Vancouver’s Stanley Park peninsula hunched its granite shoulders against an early November storm.
Relentless rain and gale-force winds howled in from the ocean. West Enders knew that something terrible was going to happen. They stayed indoors and waited anxiously.

Julie Dagg was an exception. Nothing could make her stay home and miss her workouts. Twenty-five years old, she watched what she ate and kept herself slim and fit with regular workouts. Tuesdays and Thursdays she practiced yoga and self-defense for two hours at the Tae Kwon Do Academy on Robson Street. Mondays, Wednesdays and Fridays she grunted and sweated through weight training and cardio for an hour at the West End Fitness Center on Denman. . . .

Life was good. An hour or two each day was all it took. Stay fit, look great, live longer.
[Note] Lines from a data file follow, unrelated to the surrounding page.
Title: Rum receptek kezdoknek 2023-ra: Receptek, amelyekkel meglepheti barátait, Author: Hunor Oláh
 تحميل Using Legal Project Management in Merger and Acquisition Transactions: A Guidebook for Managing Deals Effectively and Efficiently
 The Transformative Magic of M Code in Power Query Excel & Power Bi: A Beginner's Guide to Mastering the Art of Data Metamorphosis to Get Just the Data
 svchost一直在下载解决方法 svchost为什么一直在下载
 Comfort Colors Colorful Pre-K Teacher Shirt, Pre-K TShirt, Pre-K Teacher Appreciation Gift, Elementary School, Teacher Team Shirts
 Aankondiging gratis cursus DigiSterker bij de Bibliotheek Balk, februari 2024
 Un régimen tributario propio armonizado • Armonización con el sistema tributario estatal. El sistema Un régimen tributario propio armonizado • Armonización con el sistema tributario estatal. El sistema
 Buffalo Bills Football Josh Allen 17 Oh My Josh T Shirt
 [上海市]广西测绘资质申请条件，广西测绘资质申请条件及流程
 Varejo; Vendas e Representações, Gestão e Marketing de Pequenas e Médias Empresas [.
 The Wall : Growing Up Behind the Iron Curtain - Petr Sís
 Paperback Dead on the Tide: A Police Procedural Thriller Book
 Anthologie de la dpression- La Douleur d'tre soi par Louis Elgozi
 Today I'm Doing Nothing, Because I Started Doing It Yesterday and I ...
Still, Julie’s weekly Tae Kwon Do class is not enough to save her from the assailant who has been stalking her since her departure from the gym. And so, she becomes the first of five victims of a serial killer and rapist who terrorizes West Van. His victims are all women who work out at the West End Fitness Centre. The killer’s MO (modus operandi) follows a well-defined pattern: sexual assault of a bound and gagged victim, murder followed by decapitation, and with one exception, deposit of the headless naked body in Stanley Park or its environs. The murderer makes a kill every 13 days, and the crime is always preceded by a threatening letter to Vancouver’s Chief of Police, peppered with Biblical mis-quotations.

      Sebastian Casey is a 40-year-old reporter for the West End Clarion, a small community newspaper. At a recent annual physical, his doctor has given Sebastian the good news (“for an old guy of forty, you’re not doing too badly”) and the bad news, (“It’s the weight. . . . you’re twenty pounds over.” Sebastian’ doc has also reminded him that his potential life expectancy will improve if he finds himself “a good woman,” After a lunch with a 60-year-old colleague who is dedicated to his work-out regime (and has the physique to prove it), Sebastian decides to scout out the West End Fitness Centre. Seeing guys much older and much fitter is an incentive to stay and get into better shape. Emma Shaughnessy, a pretty young schoolteacher (who, like Sebastian, is an Irish émigré) and a gym regular, also becomes a motivator. Another “regular” is Sebastian’s neighbour from across the street, Albert Kayle. Albert has been married for 25 years to Matty (the former Mathilda Harrison), and it is an empty, loveless relationship. It is so empty, in fact, that Matty, “a nice woman, a real lady, with a quiet dignified way of speaking” who reminds Sebastian of his aunt in Belfast, is starting to harbour thoughts about what life would be like without Albert, permanently. No, she’s not thinking about divorce, either.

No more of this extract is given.